One-Action Rule
A rule in some states requiring a secured lender to pursue a single action — foreclosure on the collateral — before, or instead of, suing the borrower personally on the debt.
The one-action rule is a doctrine, adopted by a handful of states (most notably California, along with Nevada, Idaho, Montana, and Utah in various forms), that generally requires a lender holding a debt secured by real estate to pursue only one action to recover — and that action must be foreclosure on the collateral before the lender can reach the borrower personally. In practical terms, the secured lender must "exhaust the security" first: foreclose on the property, then (if the state allows and a deficiency remains) seek any shortfall in that same proceeding, rather than ignoring the collateral and simply suing the borrower on the promissory note.
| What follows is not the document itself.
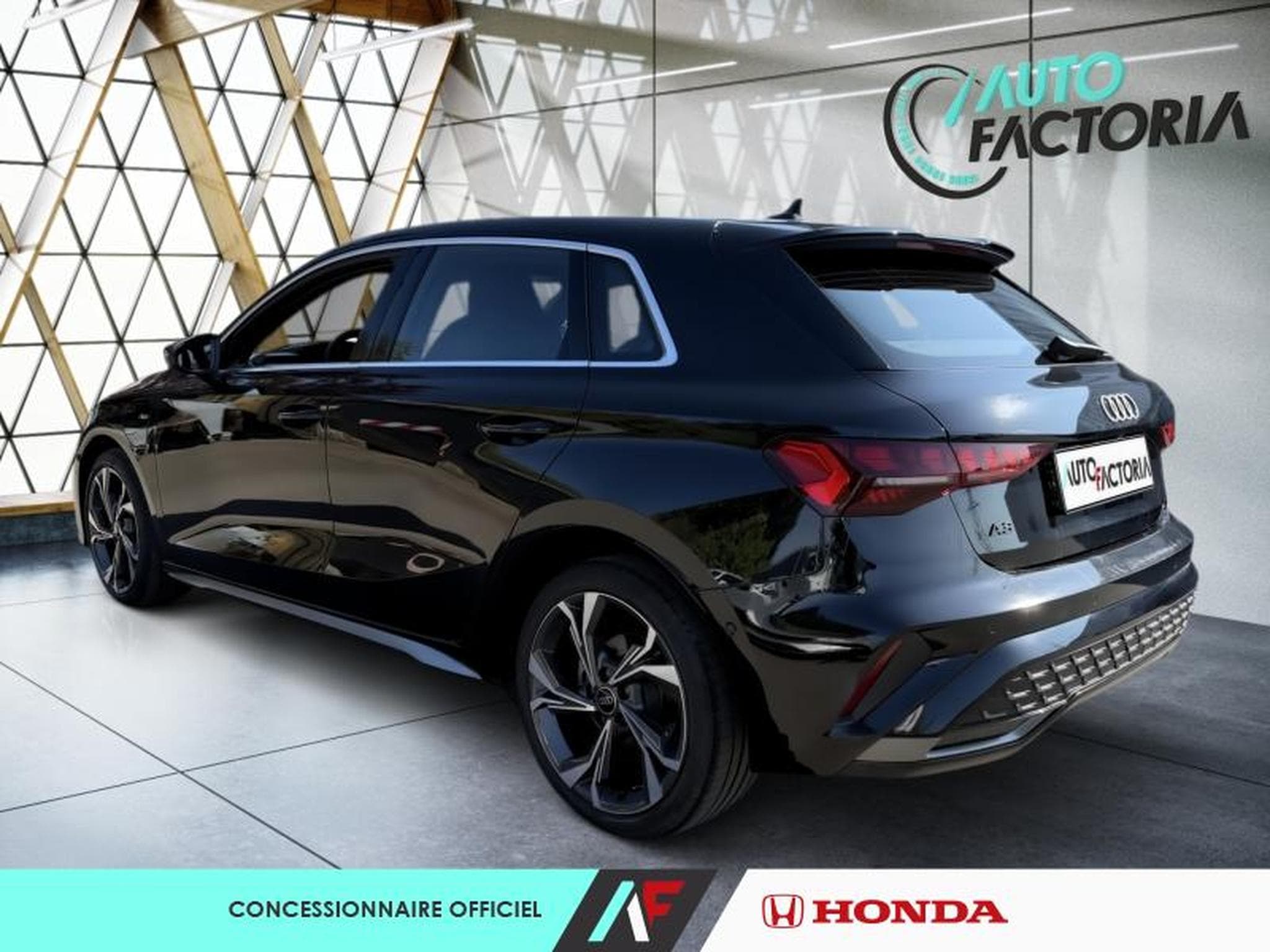 Audi A3 -32% 40 TFSI e 204ch S line S tronic 6 (2025) - Photo 3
What the rule is designed to prevent
Without a one-action rule, a lender could theoretically bypass the collateral and sue the borrower directly for the full debt, leaving the borrower exposed to a personal judgment while the property still secures the loan — potentially allowing a double recovery or harassment. The one-action rule channels the lender into a single, orderly proceeding centered on the security.
How it interacts with deficiency and anti-deficiency law
The one-action rule frequently operates alongside anti-deficiency statutes. In California, for example, the security-first and one-action principles, combined with anti-deficiency protections, sharply limit when and how a lender can pursue a borrower's personal liability after foreclosure. A misstep — such as suing on the note first, or attaching other assets before foreclosing — can cause a lender to lose its security or its right to a deficiency. These are technical, trap-laden rules.
Why the one-action rule matters when you buy or sell a note
For a note investor, the one-action rule shapes the enforcement playbook for a defaulted loan in the states that have it:
- Procedure is constrained: You generally cannot skip foreclosure and sue the borrower on the note. The collateral must be addressed first, which affects how — and how quickly — you can recover.
- Mistakes are costly: Pursuing the wrong action, or actions in the wrong order, can forfeit rights. Investors enforcing notes in one-action states should rely on experienced local counsel.
- Underwriting impact: Combined with anti-deficiency rules, the one-action rule often means recovery on a defaulted note is, in practice, limited to the collateral. That puts more weight on the property's value, the lien position, and the foreclosure timeline.
For a note seller, disclosing that a note is governed by a one-action state helps a buyer underwrite the enforcement path accurately. Notes in such states aren't necessarily worth less — but they require a buyer who understands the procedural constraints.
Example
A holder of a defaulted California note secured by a deed of trust wants to recover quickly and considers simply suing the borrower on the note for the balance. Counsel warns that California's one-action rule requires the holder to foreclose on the property first; suing on the note directly could waive the security. The holder instead proceeds with a non-judicial foreclosure on the collateral, consistent with the one-action and anti-deficiency framework.
This entry is general information, not legal advice. The one-action rule and its exceptions are highly technical and state-specific; an error can forfeit a lender's security or deficiency rights. Always consult a qualified attorney before enforcing a note in a one-action state.